For the data below, tally how many lines contain "wood" and answer only with that tally.

[Records from a data source]
= = = = = = =
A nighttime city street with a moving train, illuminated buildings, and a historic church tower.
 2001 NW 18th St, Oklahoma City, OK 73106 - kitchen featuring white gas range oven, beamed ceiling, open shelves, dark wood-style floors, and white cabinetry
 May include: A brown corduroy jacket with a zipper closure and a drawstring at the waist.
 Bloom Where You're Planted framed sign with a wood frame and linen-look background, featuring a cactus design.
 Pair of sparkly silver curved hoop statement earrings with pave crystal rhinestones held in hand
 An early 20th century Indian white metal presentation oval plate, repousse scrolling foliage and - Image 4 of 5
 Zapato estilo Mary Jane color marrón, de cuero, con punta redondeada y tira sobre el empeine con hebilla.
= = = = = = =
• _Reply to the task_
2